Struggling semiconductor manufacturer Intel announced on Monday that its CEO Pat Gelsinger is retiring with an immediate effect. The news was well-received among investors, sending Intel’s stock up by 3.5% in pre-market trading.
Gelsinger took over as Intel’s CEO in 2021. At the time, the decision was received with praise, considering his status as a company veteran and experience in the industry. However, his tenure will likely remembered as one of the worst periods in the company’s history.
During Gelsinger’s time in charge, the chipmaker went from being an industry leader to being an afterthought in the market focused on artificial intelligence chips dominated by rival Nvidia. The company’s stock also fell by more than 60% during that period and was removed from the Dow Jones Industrial Average, which lists the leading U.S. stocks.
Intel will adopt a co-CEO structure for the time being, with David Zinsner, the company’s CFO, and Michelle Johnston Holthaus, CEO of the Intel Products division, taking over on an interim basis.
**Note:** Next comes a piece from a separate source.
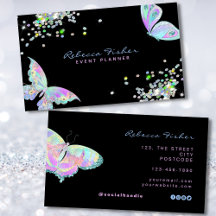 Pastel Rainbow Holografik Iridescent Butterfly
Meanwhile, the company’s board already started the search for a new permanent CEO.
“While we have made significant progress in regaining manufacturing competitiveness and building the capabilities to be a world-class foundry, we know that we have much more work to do at the company and are committed to restoring investor confidence,” interim executive chair Frank Yeary said in a statement. “We are working to create a leaner, simpler, more agile Intel.”
Intel previously made several moves in an attempt to turn around its performance. It reduced its workforce by 15% and initiated several other cost-cutting measures, struck a five-year deal with AWS, and revealed plans to set up its Intel Foundry as an independent subsidiary. However, these moves have yet to yield positive results.